Thursday, February 25, 2010


CNN polled the tea party folks recently, and I think Jim Spencer and Curtis Ellis, a couple of Democratic political consultants writing in the L.A. Times, are on to something -- but I don't think they've got the story exactly right:

Most 'tea party' followers are baby boomers reliving the '60s

... Neither "average Americans," as they like to portray themselves, nor trailer-park "Deliverance" throwbacks, as their lefty detractors would have us believe, tea partyers are more highly educated and wealthier than the rest of America. Nearly 75% are college educated, and two-thirds earn more than $50,000.

More likely to be white and male than the general population, tea partyers also skew toward middle age or older. That's the tell. Most came of age in the 1960s, an era distinguished by widespread disrespect for government. In their wonder years, they learned that politics was about protesting the Establishment and shouting down the Man. No wonder they're doing that now.

... The tea party is a harbinger of midlife crisis, not political crisis. For men of a certain age, it offers a counterculture experience familiar from adolescence -- underground radio, esoteric tracts, consciousness-raising teach-ins and rallies replete with extroverted behavior to shock the squares....

Yes, but is this experience familiar because today's protested did it in their youth, or because they didn't do it, and resented the ones who did -- quite possibly out of envy?

I think there are some teabaggers who were lefty protesters back in the day -- but I think a lot of these folks were on the other side then; they saw their lefty generational peers getting all the media attention and (or so legend has it -- I was in grade school so I don't know for sure) the good sex and good drugs, and they've never stopped feeling that that was unfair.
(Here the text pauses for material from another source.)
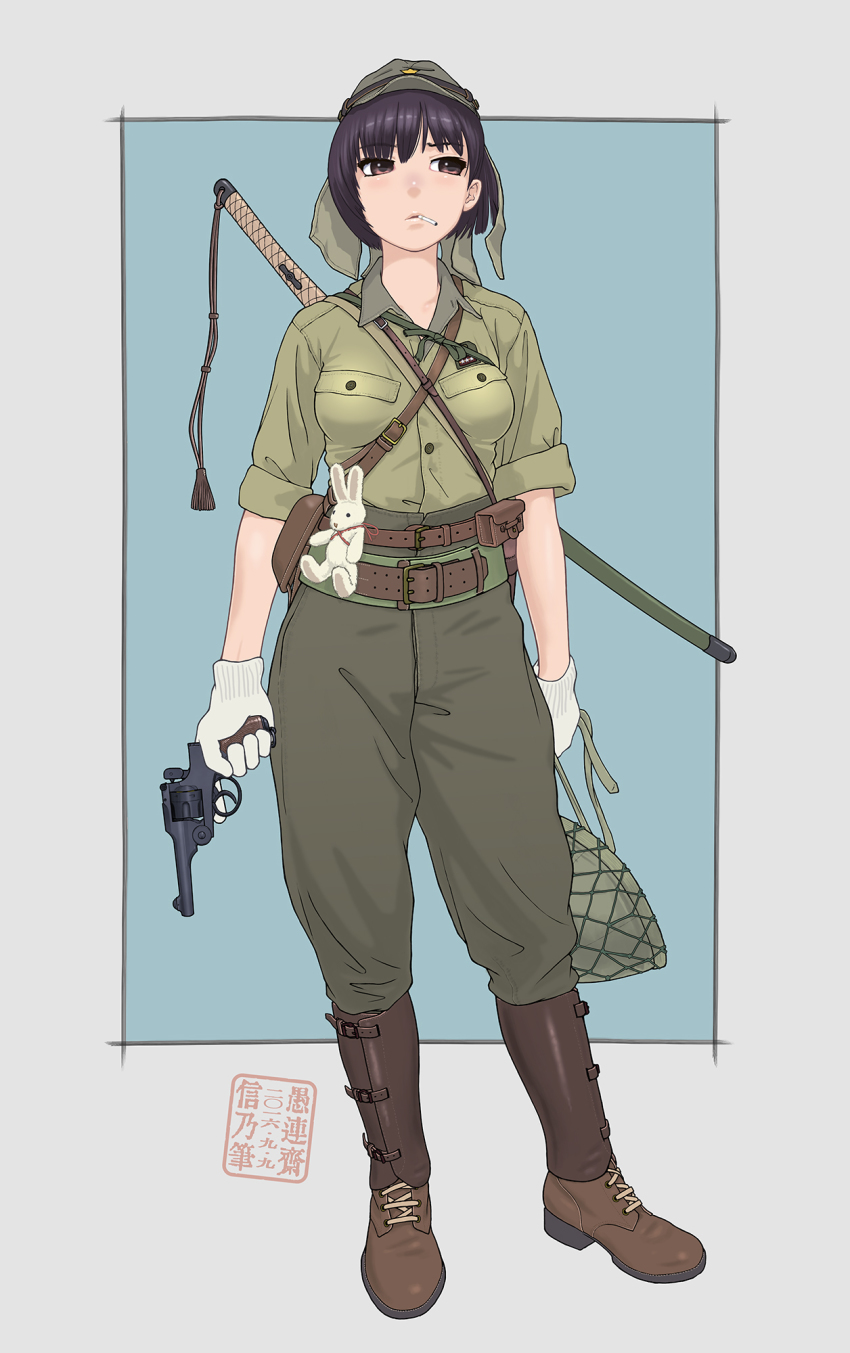 1girl, belt, between_breasts, boots, breast_pocket, breasts, brown_boots, brown_hat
They wanted an Age of Aquarius in which they were the center of attention -- and now they have it.

I've been saying for a while that the tactics of anti-Obama protesters seem sixties-oriented -- the use of live pigs as props, the naive calls for national strikes, the Alinsky envy, and so on. Oh, and did I mention the protest music?

From the YouTube page of the singer-songwriter, who calls herself ... er, cowgirlmoon:

... For more than 20 years, I was a Singer/songwriter/ entertainer and for several years, part owner of a popular, local music hall, called "The Little Ole Opry Co." Located near Burfordville, Mo.

Several years following, I interned with the Irish Republican entrepreneurial Star Travelers. A cosmically conservative, outlaw band, on the fringes of societal evolution, we set about the enormously, minuscule task of saving extremely, small, unimportant planetoids, from near distinction.
(Pluto was nearly, our most prestigious success)

Sometime during my association with the R.E.S.T., I was sucked through a Loop-hole and blown into a prison cell phone, where I had no choice, but to listen to monitored communications, with conviction.

Since my escape, I've continued to hide out in the old home town....

Burfordville is just outside Cape Girardeau, home to Rush Limbaugh. This strikes me as small-town wannabe leftiness, but I confess I can't really tell what the demographic tale is here. (I will note that her favorite books include Bury My Hart at Wounded Knee and -- gulp -- Jonathan Livingston Seagull.)